··· The data ···
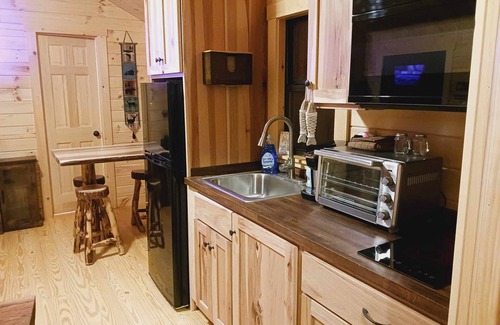 Wilson Creek Cabin | The Overlook Cabin near Grayson Highlands - Arcade & Theater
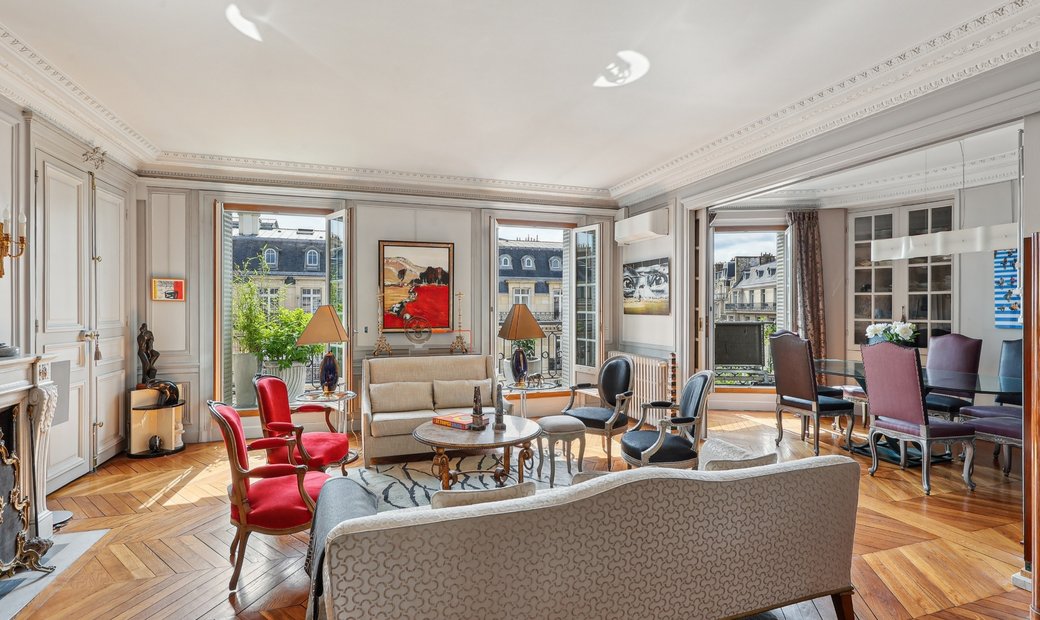 Family Apartement Plaine Monceau In Paris, île De France, France For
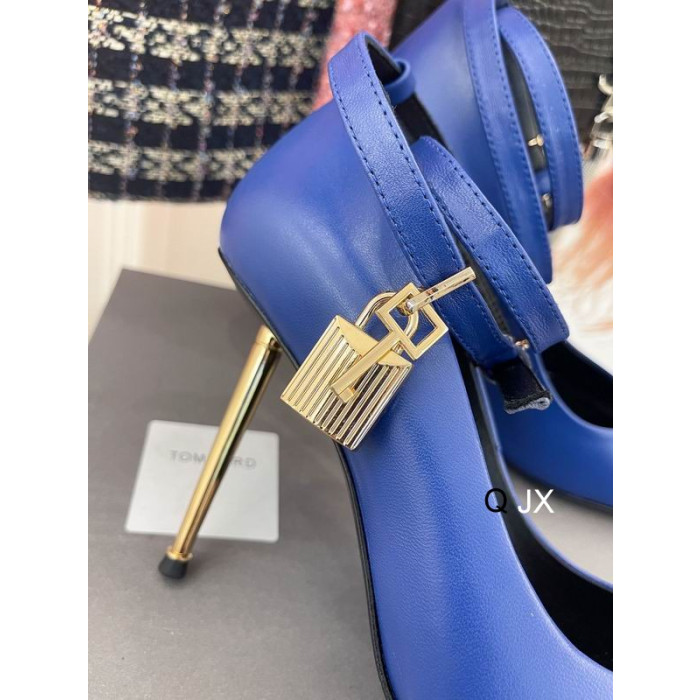 Tom Ford Kožené Visiaci Zámok Členok Zábal Ukázal Prst Čerpadlá V Modrej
···
### Assigned task
The answer must be the whole listing, word for word, with no pictures in it. Please write it out.

### Output of the task
 Wilson Creek Cabin | The Overlook Cabin near Grayson Highlands - Arcade & Theater
 Family Apartement Plaine Monceau In Paris, île De France, France For
 Tom Ford Kožené Visiaci Zámok Členok Zábal Ukázal Prst Čerpadlá V Modrej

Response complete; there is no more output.